Kirchengemeinden leisten eine gute und wichtige Arbeit, daran haben viele Menschen teil. Auf diesem Hintergrund können sie selbstbewusst deutlich machen, dass für die Aufrechterhaltung dieser Arbeit neben den Kirchensteuereinnahmen zunehmend Unterstützung erforderlich ist. Zudem bieten zusätzlich eingeworbene Mittel Gestaltungsräume.

Fundraising kann man lernen, z.B. in den verschiedenen Ausbildungskursen der  Fundraising Akademie in Frankfurt/Main. Seit dem Herbst 2010 bietet die in Kooperation mit der Evangelischen Kirche in Deutschland (EKD) eingerichtete Servicestelle Fundraising und Stiftungswesen allen, die sich für die Finanzierung kirchlicher Arbeit engagieren, Hilfe und Unterstützung an. Ziel ist es, das kirchliche Fundraising insgesamt zu stärken und zu professionalisieren.

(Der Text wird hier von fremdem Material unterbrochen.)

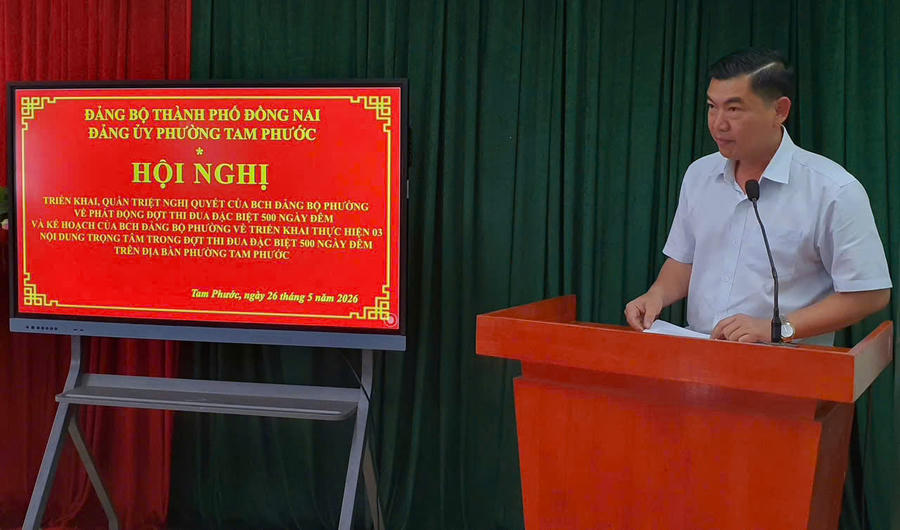 Các đại biểu phát biểu ý kiến.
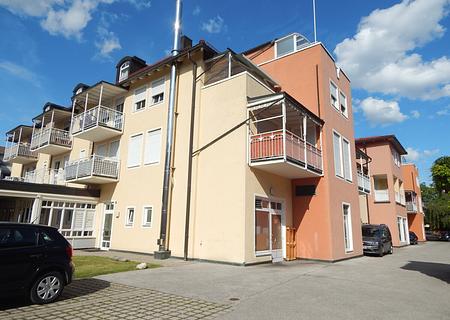 Gepflegte 1-Zi-Wohnung im Zentrum von Freilassing - Ideal für Singles, Pendler oder Kapitalanleger - Außenansicht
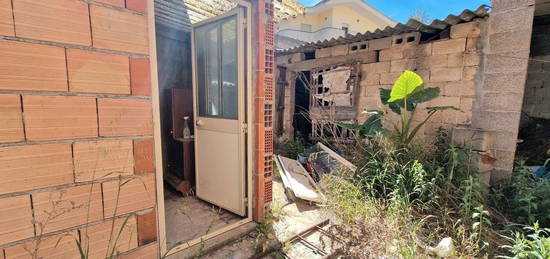 Casa singola su unico livello con giardino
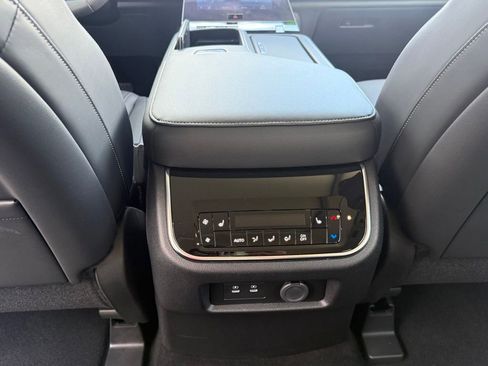 Used 2025 INFINITI QX80 Pure image 57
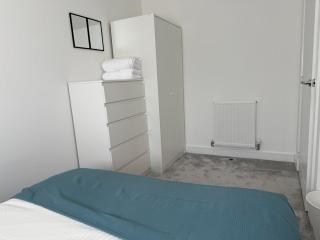 Modern 3 bedroom home in Exeter - Exeter - 2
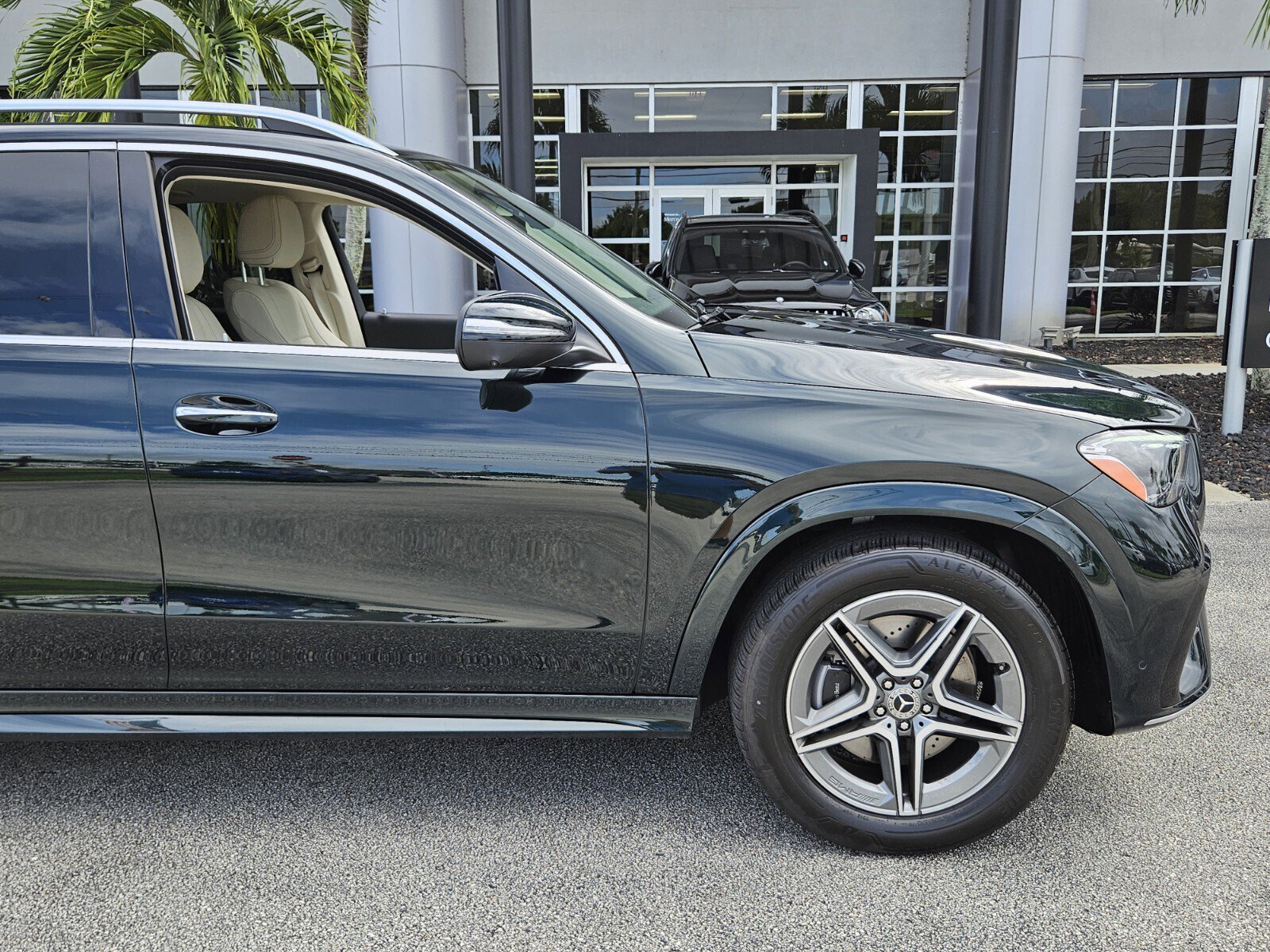 Certified 2025 Mercedes-Benz GLE 450e 4MATIC image 2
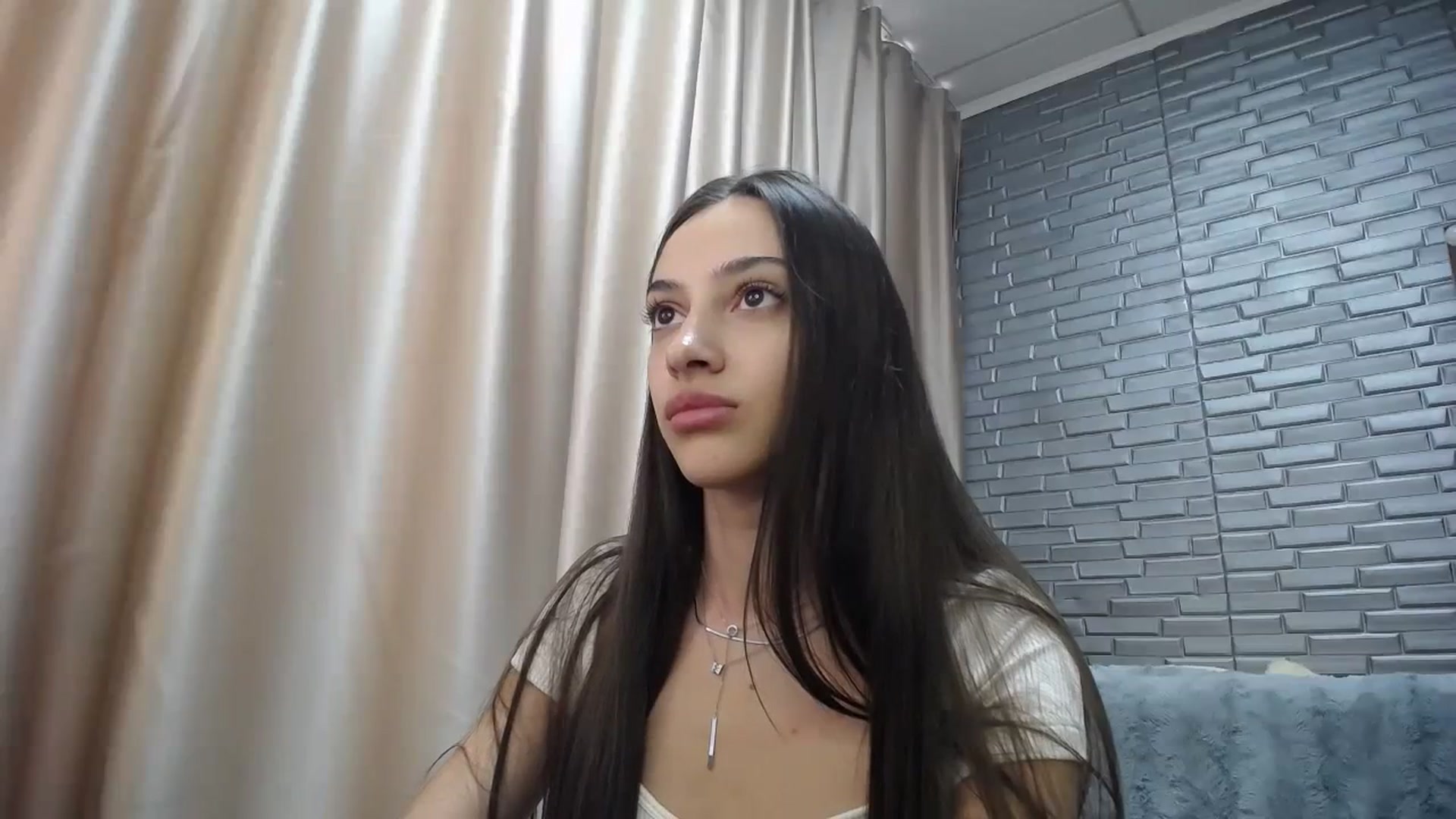 Gallery image thumbnail from Lea_Lexis's myfreecams stream on, 10/13/2023, 11:37 image 7 of 20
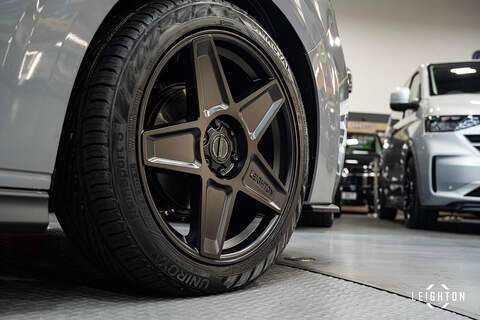 Volkswagen Transporter 2.0 T32 Diesel 150PS Auto 4MOTION Panel Van LWB - N5096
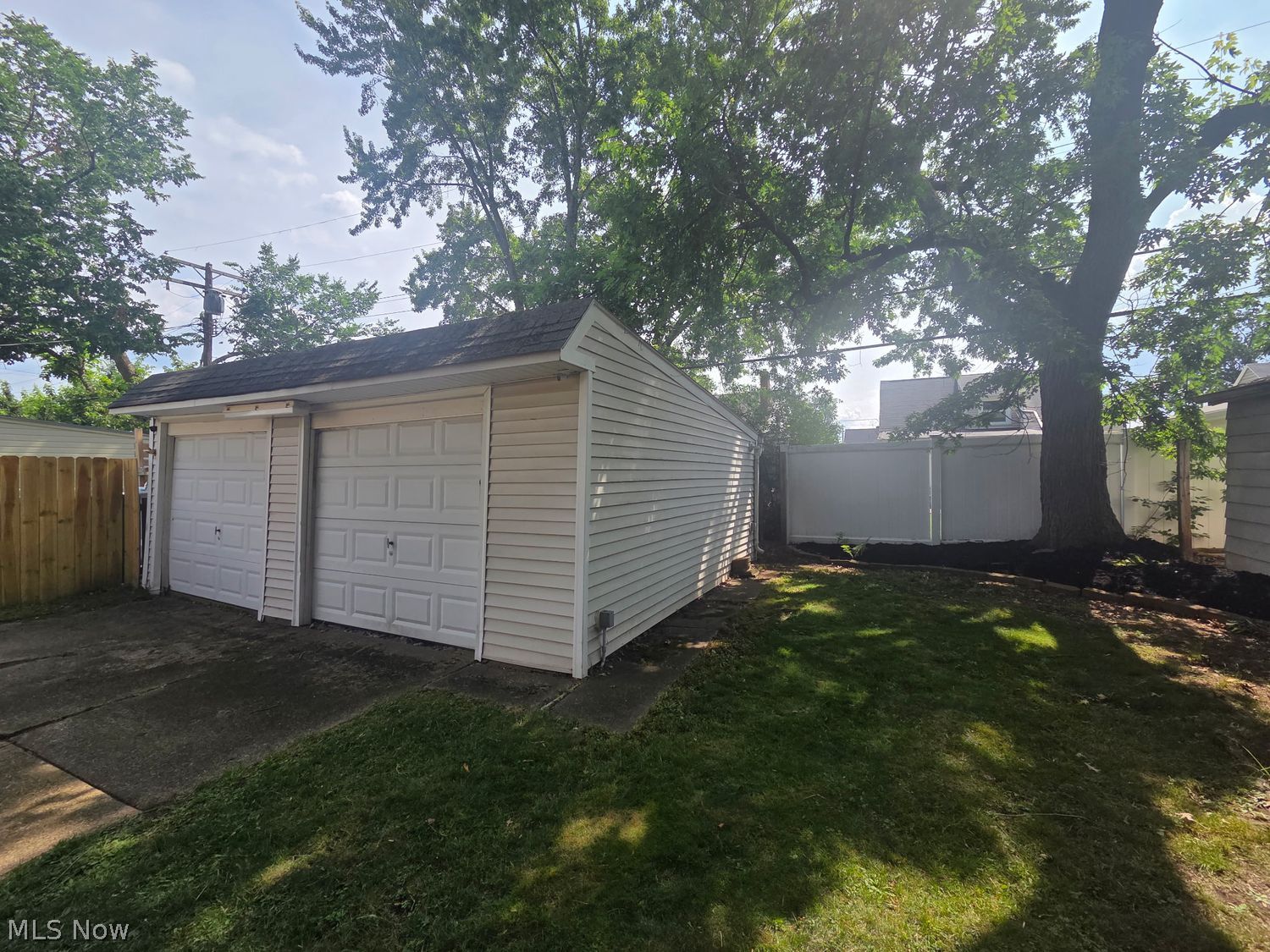 3201 W 139th Street Cleveland OH 44111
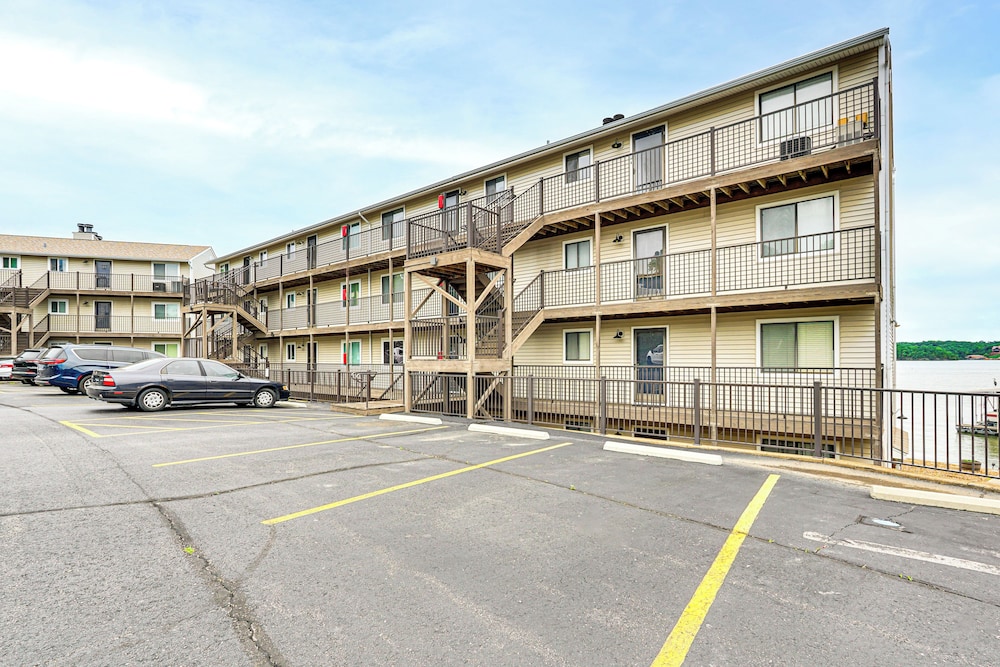 Lakefront Osage Beach Condo: Main Channel View!
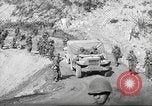 Standbild 351 Infanterie Regiment 88 US Infantry Division in Zweiten Weltkrieg Calvenzano Italien, 1945, aus Sekunde 7 historischem Filmmaterial Videoclip 65675060355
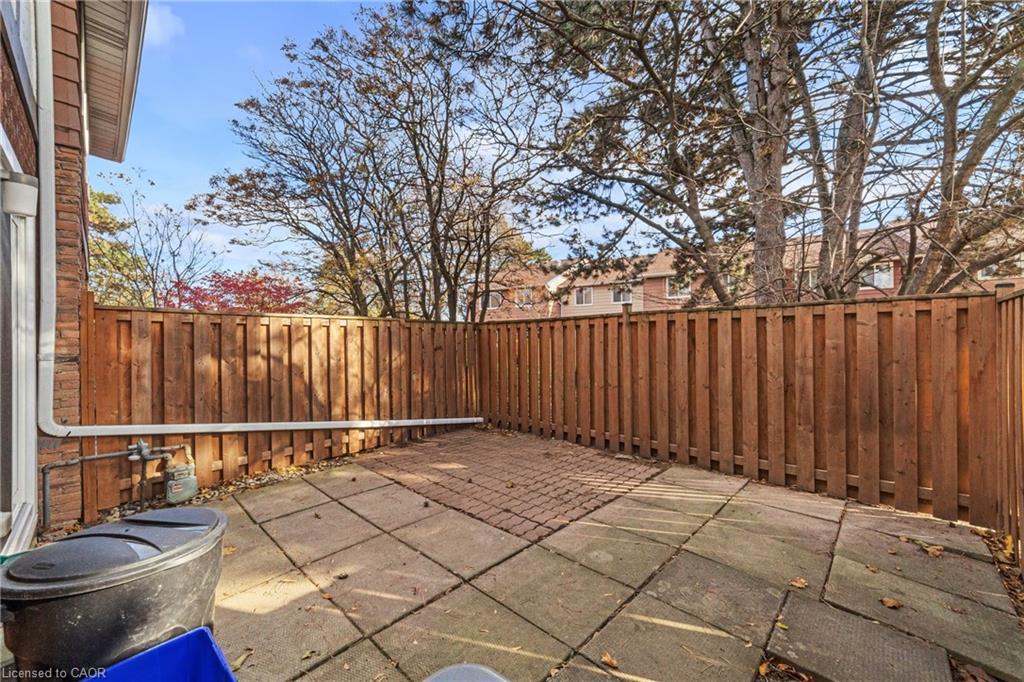 6-4199 Longmoor Drive, Burlington, ON - Outdoor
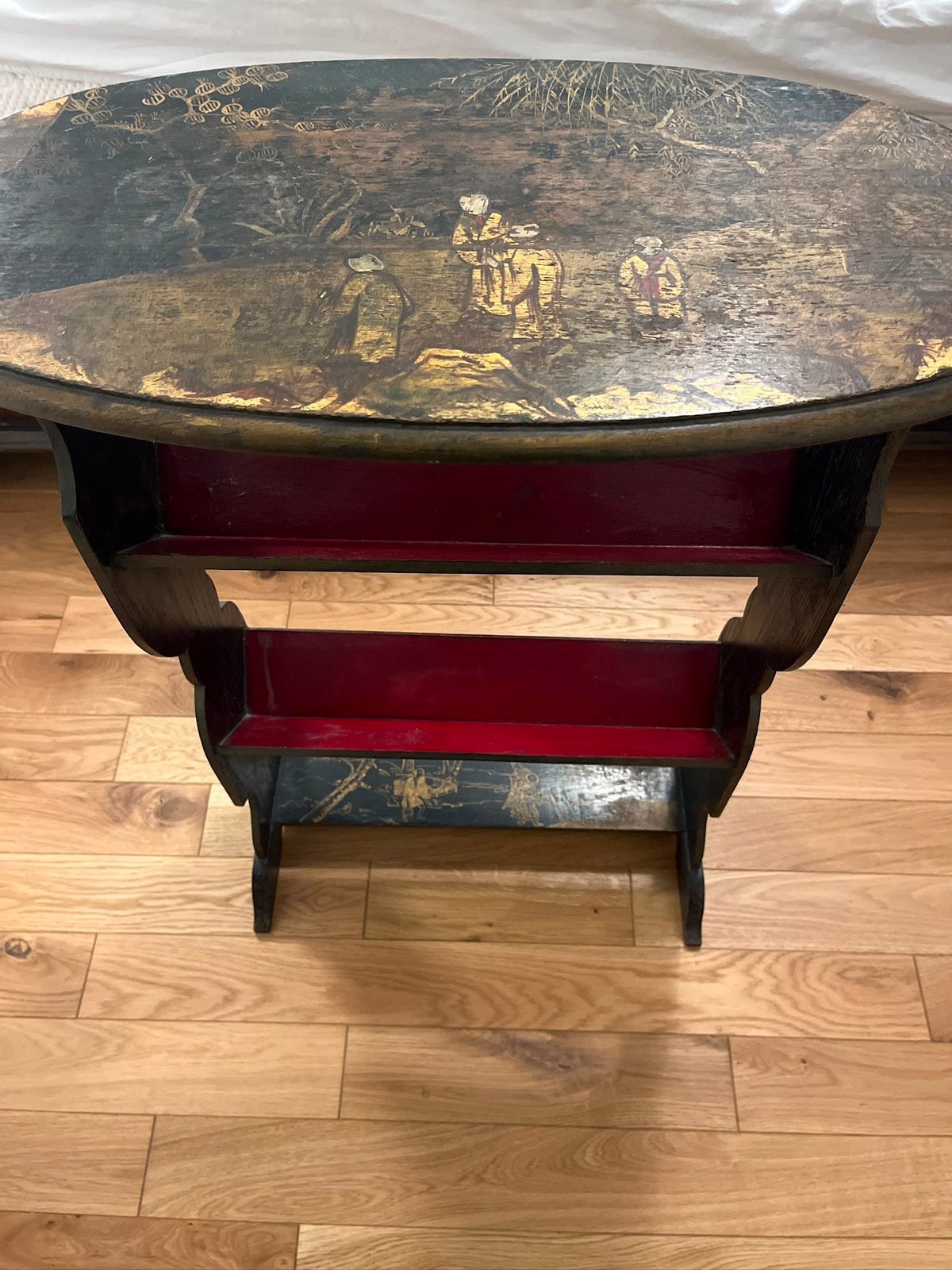 Japanse  gelakte bijzettafel  – handbeschilderd decor, Antiek en Kunst, Ophalen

Onlineportal mit Praxis-Beispielen

Fundraising goes online: Abgestimmt auf die Besonderheiten kirchlichen Fundraisings wurde das Internetportal www.fundraising-evangelisch.info eingerichtet. Es ist in enger Zusammenarbeit mit den Fundraising-Beauftragten der Landeskirchen entwickelt worden. Eine Übersichtskarte der EKD-Gliedkirchen und eine Liste der Ansprechpartner erleichert die Kontaktaufnahme.

Das Serviceportal richtet sich vor allem an Pastorinnen und Pastoren, Kirchenvorstände und ehrenamtlich Engagierte, die im Fundraising eine Chance sehen, kirchliche Arbeit zu finanzieren. Die 250 Seiten des Portals helfen, Fundraising-Konzepte zu erarbeiten, Zielgruppen zu definieren und mitreißende Spendenprojekte zu entwickeln.

Tipps für wirkungsvolle Spendenbriefe

Der Menüpunkt Strategie zum Beipiel beschreibt, wie eine speziell auf die eigene Kirchengemeinde zugeschnitte Fundraising-Konzeption erarbeitet wird. Praxistipps geben Hinweise für Kollekten, Spendenbriefe oder den Umgang mit Ehrenamtlichen. Ein wachsender Pool von "guten Beispielen" spiegelt die Kreativität kirchlicher Fundraising-Projekte wider.

Was ist zu beachten, wenn eine kirchliche Stiftung gegründet werden soll, und was bedeutet eigentlich "Zustiftung"? Wo die Not besonders groß und schnelles Handeln erforderlich ist, bietet das Turbomodell "In zehn Schritten zum Erfolg" schnelle Hilfe. Wer das Serviceportal aufmerksam studiert, macht quasi einen kostenlosen Fundraising-Basiskurs.